The Nearly Mile-Wide Diamond Mine That Helped Build the Soviet Union
Post Date: 23 Jun 2014 Viewed: 295
Building empires takes money. And building industrial empires takes diamonds, not just for cash, but for the machines and tools that need them to operate. In a remote corner of Siberia, the Mir diamond mine was responsible for funneling diamonds into building the USSR—and it left behind a pit that stretches almost a mile across the surface of the Earth.
Slava Stepanov, aka Gelio, is a Russian photographer who lives in Novosibirsk, a city that sits on the Mongolian steppe above Kazakhstan and Mongolia. From his home base, Stepanov travels around central Asia shooting cities, infrastructure, and other artifacts of human civilization from above. Those range from the northernmost city on Earth to the biggest dam in Asia.
This spring, Stepanov made a visit to a town in the far north of Russia that few people know about, but that had a crucial hand in making Russia what it is today: Mirny, a city of 37,000 that sit smack dab in the middle of, well, seemingly nowhere. It was here that, in the 1950s, Russian geologists discovered Kimberlite—a mineral that often means diamonds are nearby—after Stalin sent a team of geologists to scour eastern Siberia for the stuff.
By the late 1940s the fledgling Soviet Union was in desperate need of diamonds, not just for their monetary value, but for industrial purposes: For drill bits, for example, and scouring materials.
And so off teams of scouters went, culling the Siberian wilderness for evidence of diamonds. And in the northeastern corner of Siberia, they found them. The Mir Mine, and the town of Mirny that sits on its precipice, was founded in 1955. It would grow to become the second largest hole in the world—nearly a mile wide at its mouth.
Only a mine as lucrative as Mir could be worth this much trouble: The temperatures in Mirny are so cold, it's almost impossible to dig into the ground for most of the year. Rubber freezes. Steel snaps. According to Abazias, the engineers went to extreme lengths to dig the pit:
Utilizing jet engines, the Soviets would burn through the layer of permafrost to get to the soil beneath it. Where the ground was too solid or too frozen for jet engines, they would use dynamite to blast holes from which they would then work outward from.

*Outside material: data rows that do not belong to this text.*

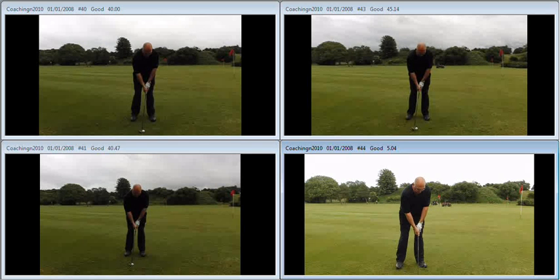Nice and smooth, equal in length, equal in pace, nice brisk tempo to it, nice smooth acceleration — resulting in much higher, softer landing pitch shots that are going to produce much better results around the golf course. Good luck with it and I'll see you again in a couple of weeks time. Well done.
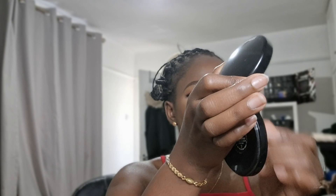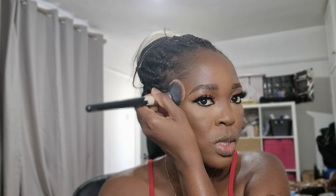For my overall powder I'm applying this MAC Mineralized Skin Finish in Dark — you guys have seen this quite a few times. I'm just applying it everywhere basically to set the whole face.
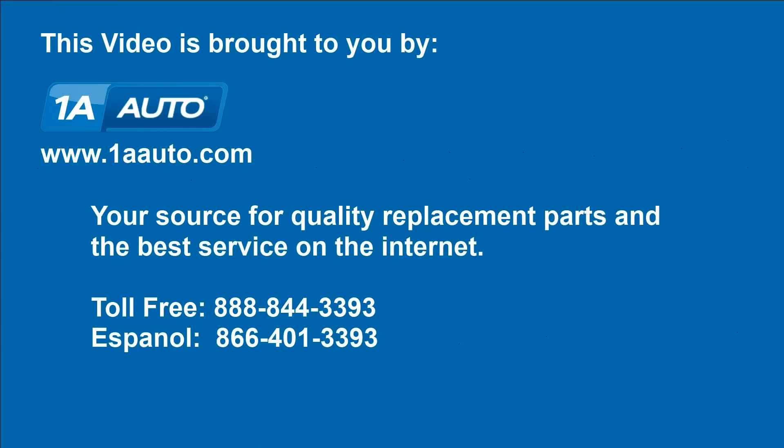Brought to you by 1AAuto.com, your source for quality replacement parts and the best service on the internet. Hi, I'm Mike from 1A Auto. I hope this how-to video helps you out. Next time you need parts for your vehicle, think of 1AAuto.com. Thanks.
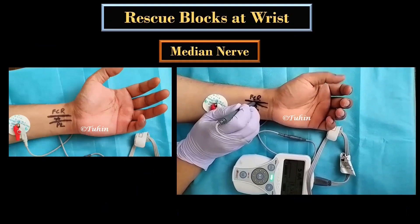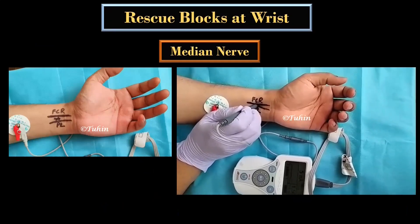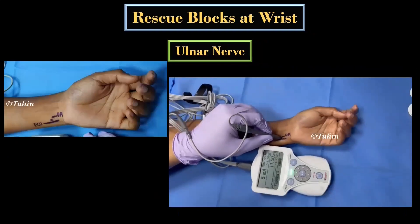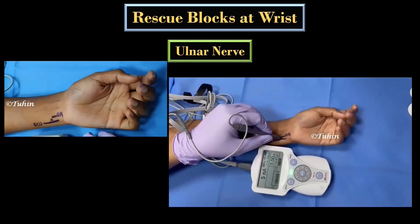At the wrist level, the median nerve is identified between the flexor carpi radialis and the palmaris longus tendon. You can ask the patient to flex the wrist against resistance to identify the tendons. For the ulnar nerve, the needle insertion point will be between the ulnar artery and the flexor carpi ulnaris tendon.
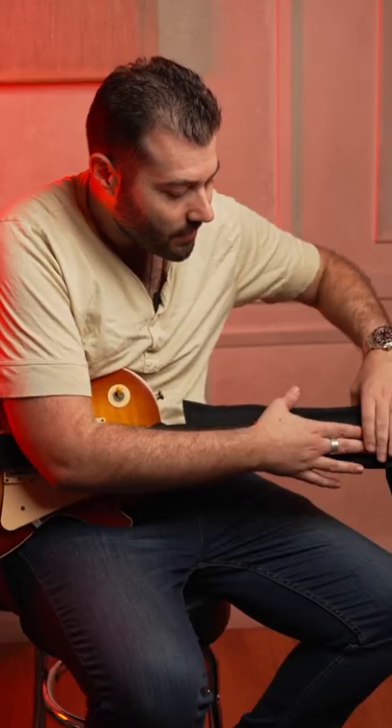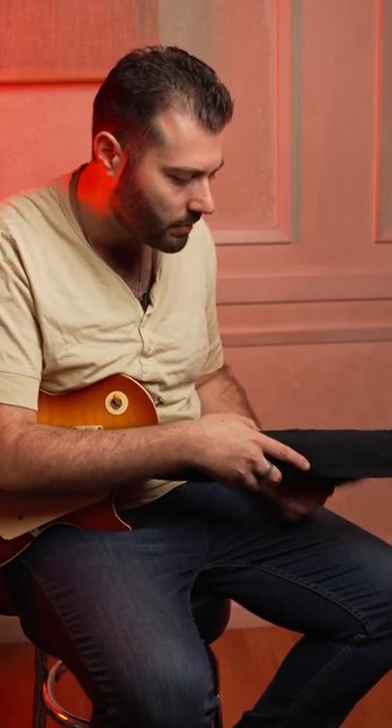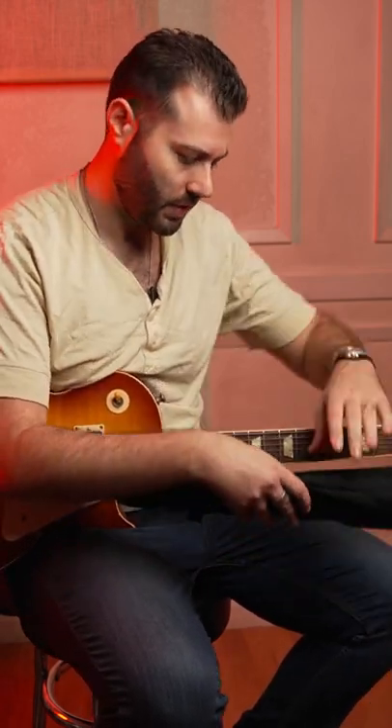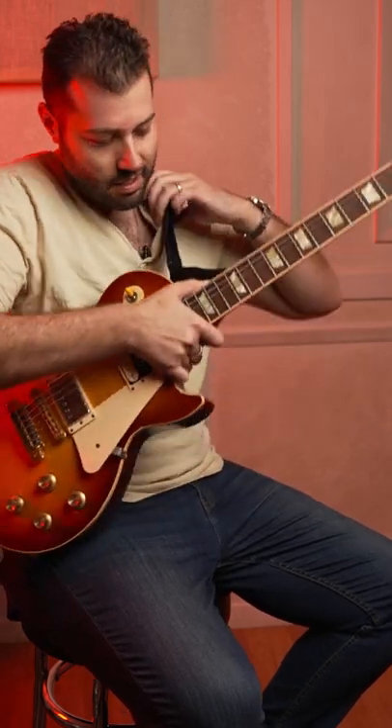It's the most comfortable strap I've ever had, especially in my collection. It's got this elastic that gives it just a little bit of give, but not too much give. It's comfortable and it's practical because when I'm done, I'm going to take it off. It's going to protect my strings and go right back on the side.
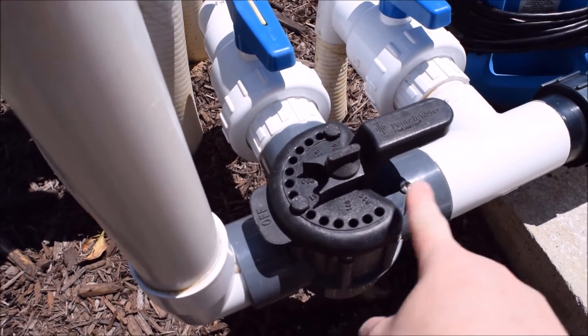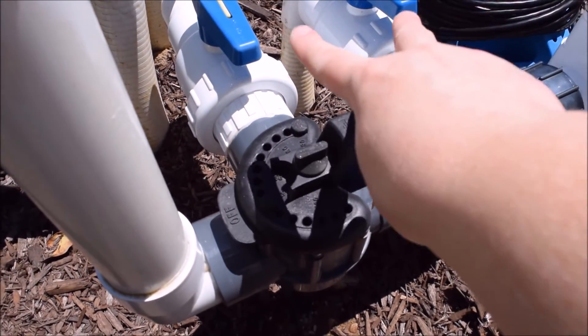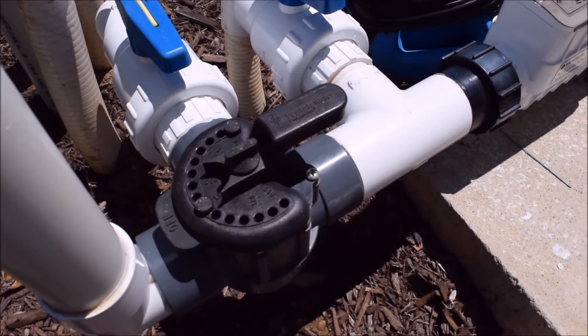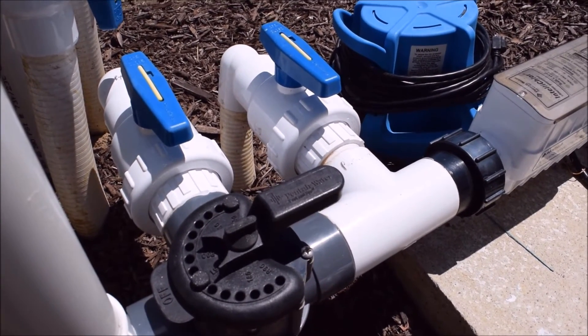Off means that whichever direction it's pointing is off. Currently this pipe is closed, meaning the water is coming out of the salt cell and going into the periscope — the one on the right — and into the bypass, which is your return into the pool that is not connected to any infloor cleaning. If we wanted to turn the infloor cleaning back on...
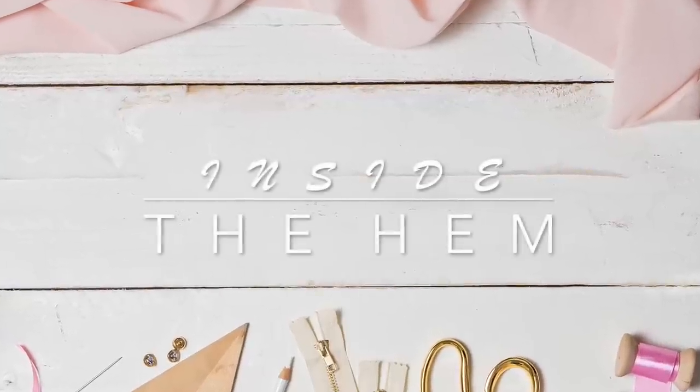Hi, you guys. Lindsay here. Welcome back to my channel, Inside the Hymn. All right, you guys, welcome back to Sew Along Saturday.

And the town of Mirny? Well, it's built on steel stilts, since the permafrost is too soft to hold conventional buildings. But over 44 years, Mir came to rival even South Africa's diamond trade, producing two million carats of diamonds every year. Mirny became a boom town.
But according to De Beers and other diamond dealers, there was something odd about the diamonds coming out of Mir. Abazias explains:
These diamonds were all of a uniform size and shape and were dubbed 'Silver Bears'. While DeBeers could not understand how the Soviets were producing such a large quantity of gem diamonds of such uniform size, and supposedly from one mine that by DeBeers surveys should not be capable of such diamond production, they were, nevertheless, pressured to purchase them all lest the Soviets simply dump the diamonds on the open market, thus flooding it and bringing down diamond prices.
The USSR, unsurprisingly, wasn't hugely open to outside investigators—and so the mystery of the Silver Bears was never solved.
Today, Mir is closed. It was shut down in the 2000s. But mining continues beneath this hulking void, through dozens of tunnels where mining machines parse the rock for diamonds. It still nets an impressive haul: Roughly 4,409 pounds of diamond per year.
Stepanov actually got to visit the diamond processing plant himself, and brought back images of the incredible industrial machines that wash and sort what'd discovered below the permafrost. Then, just like in Soviet times, an actual human assesses the value—some things never change.
Beyond the mystery of the diamonds, the most bizarre thing about Stepanov's photos is Mirny itself, a city perched on the edge of a hole so deep it affects the atmosphere above it. Helicopters can't fly over it—the downward force of the air would pull them in. You can see it from space.
But it's easy to imagine how, from the ground, you might even forget it's there. It's only from the air that Mir's terrifyingly huge pit, dug into the frozen tundra, finally reveals itself.